Write out all of the records precisely. Skip anything that is a picture.

(Captioned web image data)
+ + + + +
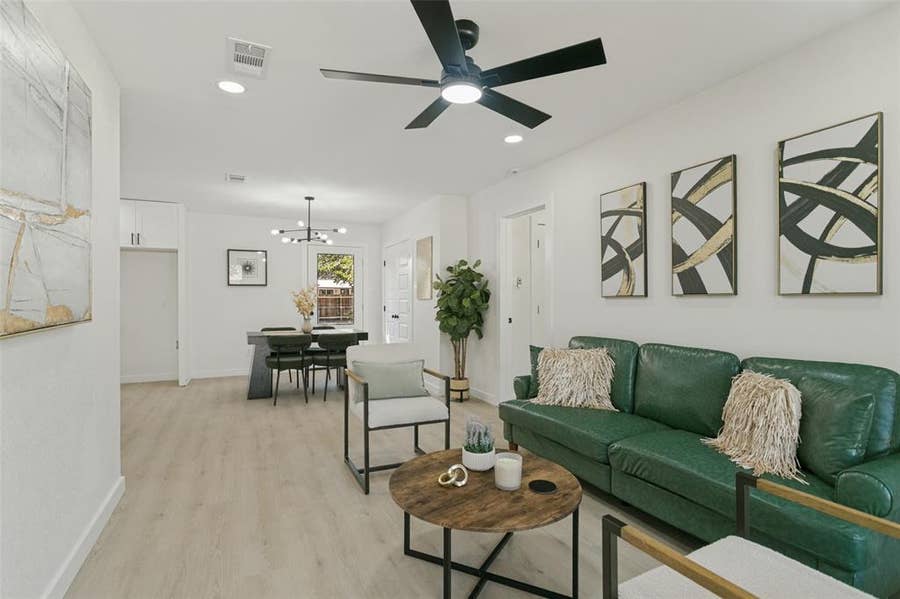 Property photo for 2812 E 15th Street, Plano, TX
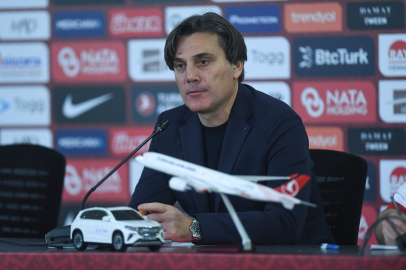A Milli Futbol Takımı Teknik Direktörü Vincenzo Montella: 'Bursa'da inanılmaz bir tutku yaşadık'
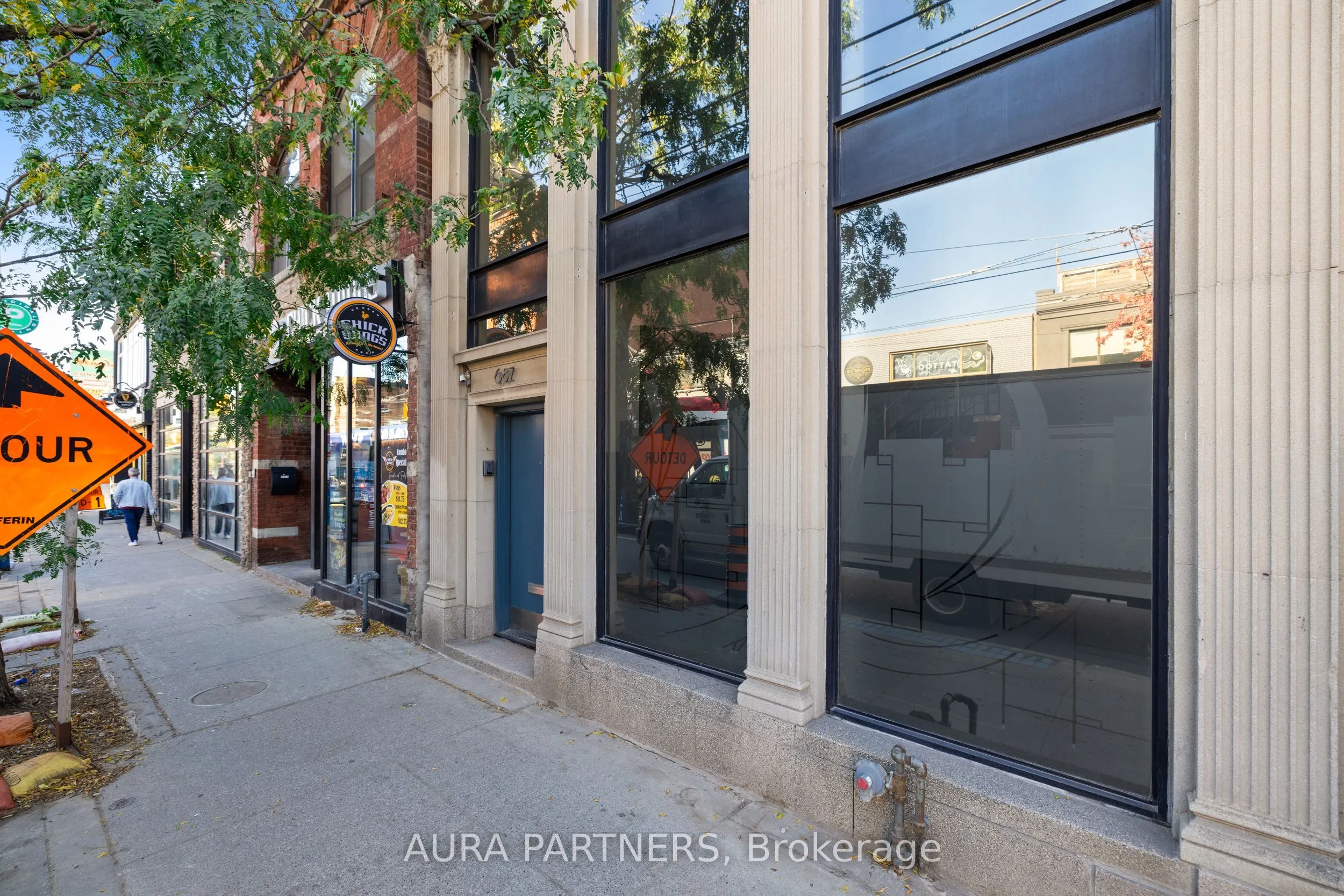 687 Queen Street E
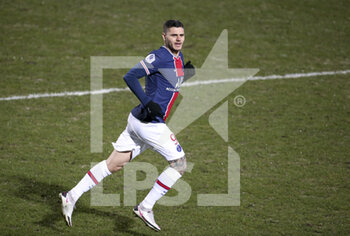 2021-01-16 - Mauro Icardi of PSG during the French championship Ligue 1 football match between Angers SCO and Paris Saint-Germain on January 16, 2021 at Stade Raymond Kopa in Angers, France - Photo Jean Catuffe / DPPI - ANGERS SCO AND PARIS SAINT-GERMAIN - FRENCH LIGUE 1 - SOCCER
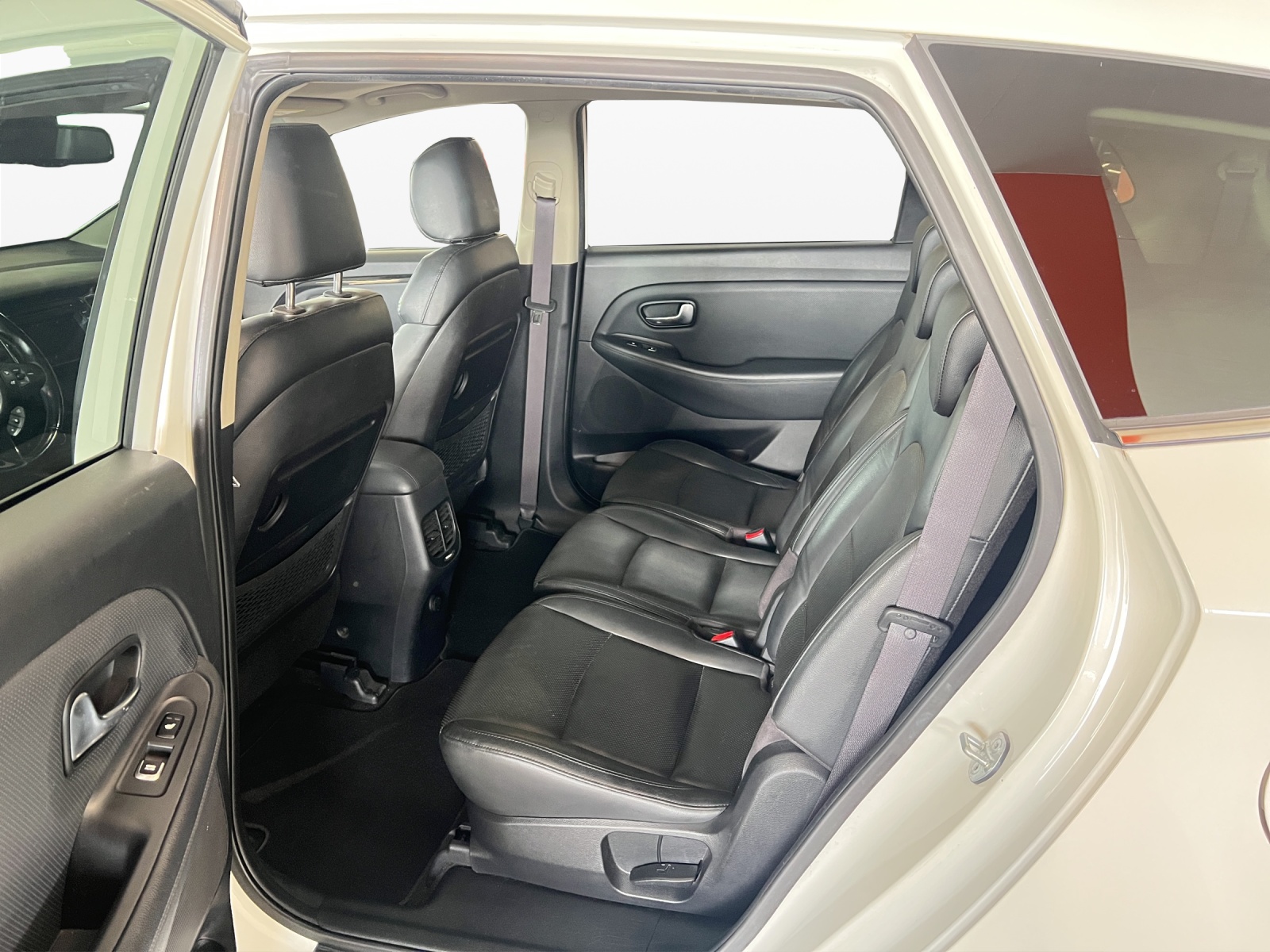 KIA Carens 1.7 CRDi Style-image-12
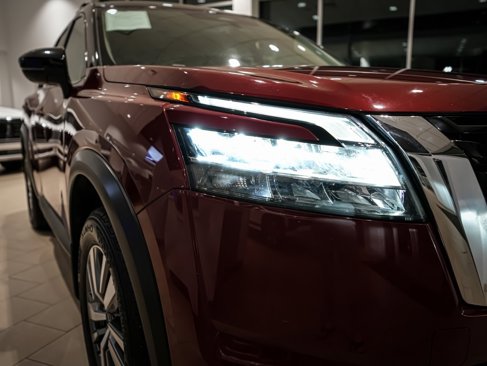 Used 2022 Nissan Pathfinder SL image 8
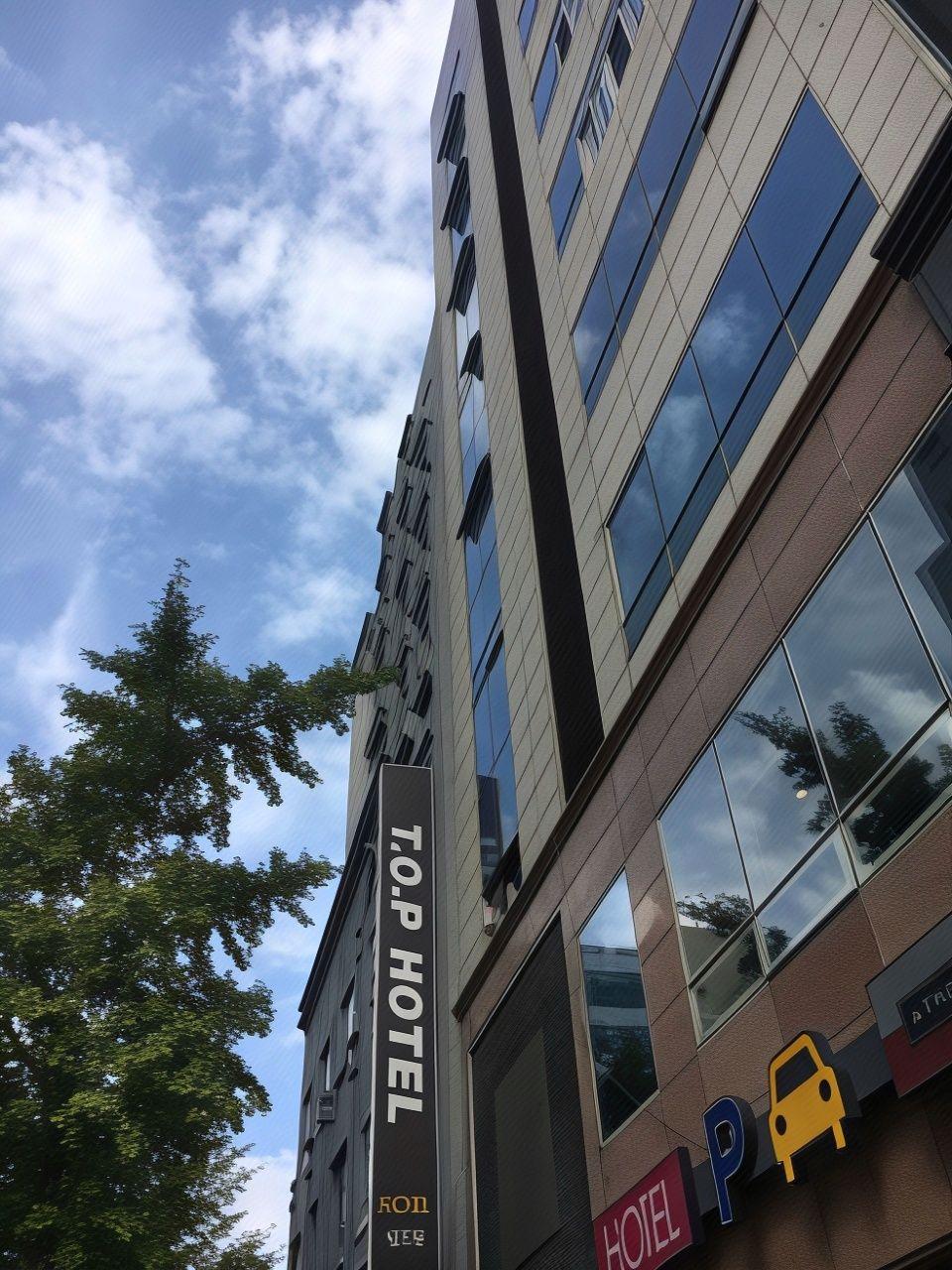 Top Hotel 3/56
+ + + + +
**Answer section**:
 Property photo for 2812 E 15th Street, Plano, TX
A Milli Futbol Takımı Teknik Direktörü Vincenzo Montella: 'Bursa'da inanılmaz bir tutku yaşadık'
 687 Queen Street E
 2021-01-16 - Mauro Icardi of PSG during the French championship Ligue 1 football match between Angers SCO and Paris Saint-Germain on January 16, 2021 at Stade Raymond Kopa in Angers, France - Photo Jean Catuffe / DPPI - ANGERS SCO AND PARIS SAINT-GERMAIN - FRENCH LIGUE 1 - SOCCER
 KIA Carens 1.7 CRDi Style-image-12
 Used 2022 Nissan Pathfinder SL image 8
 Top Hotel 3/56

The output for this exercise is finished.